What the task asks: Your copy should match the entries exactly, with the pictures left out.

Records for this exercise:
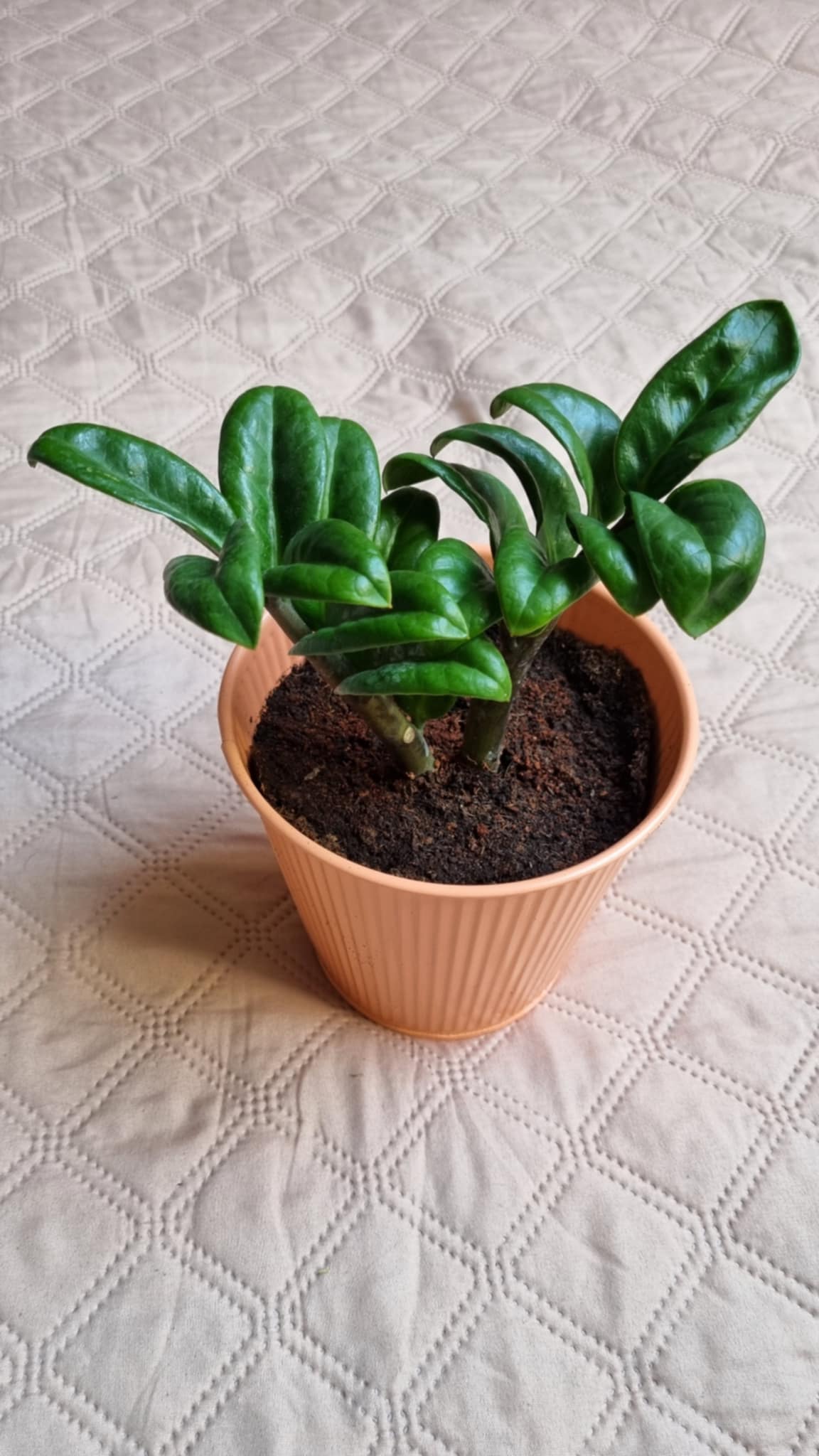 ZZ Plant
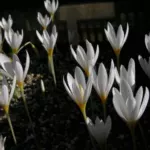 Crocus ochroleucus — ochroleucus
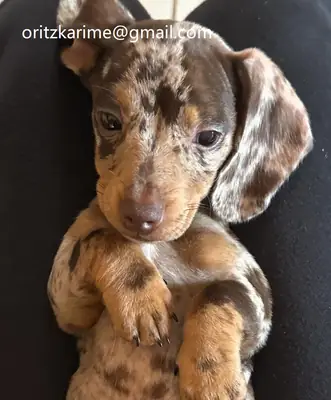 短腿腊肠犬幼犬准备接受爱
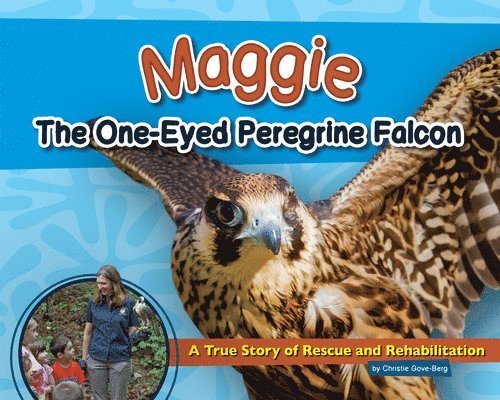 Maggie the One-Eyed Peregrine Falcon 1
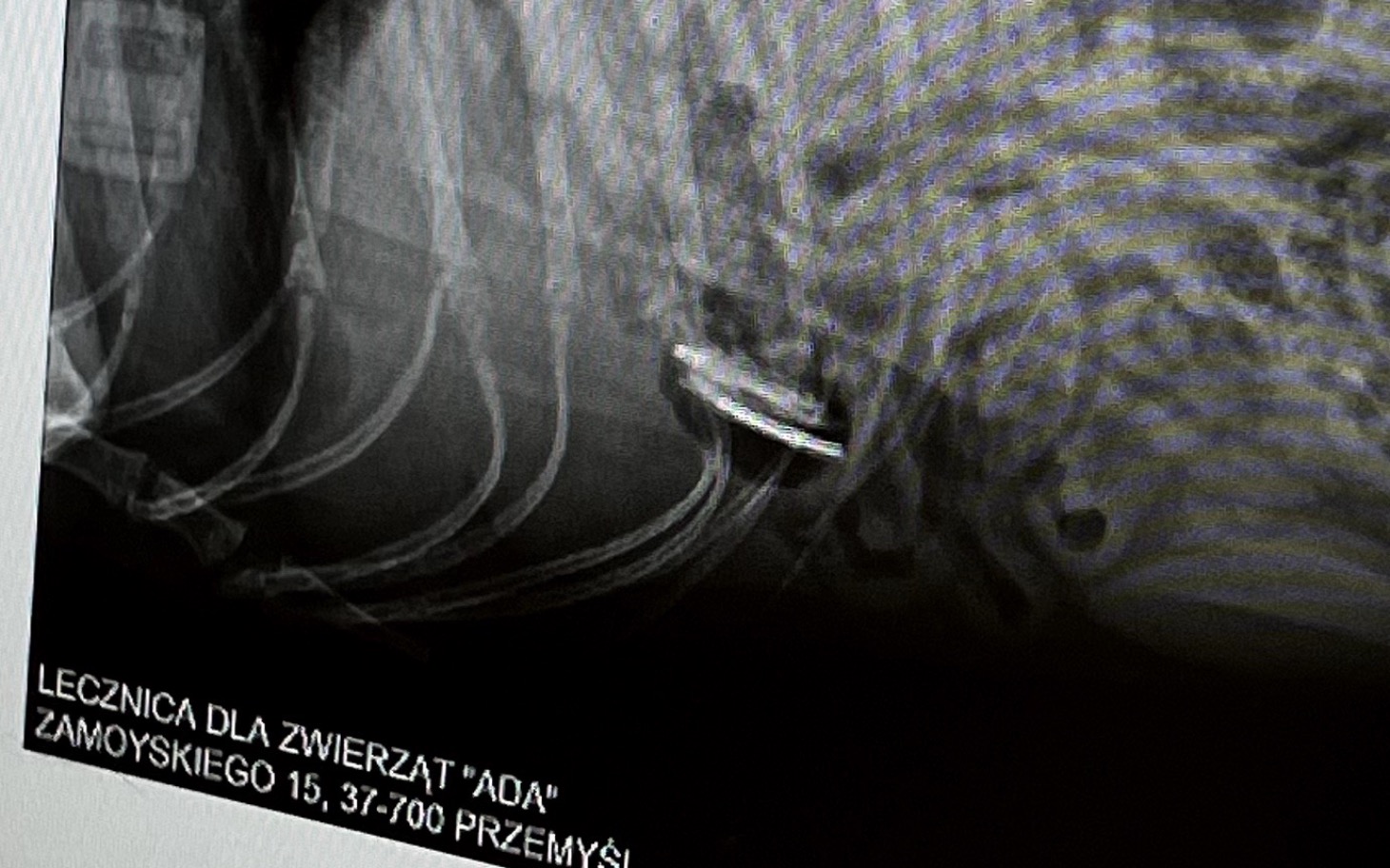 
        Rentgen psa, pokazujący jego zdrowie.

Solution for this problem:
 ZZ Plant
 Crocus ochroleucus — ochroleucus
 短腿腊肠犬幼犬准备接受爱
 Maggie the One-Eyed Peregrine Falcon 1
        Rentgen psa, pokazujący jego zdrowie.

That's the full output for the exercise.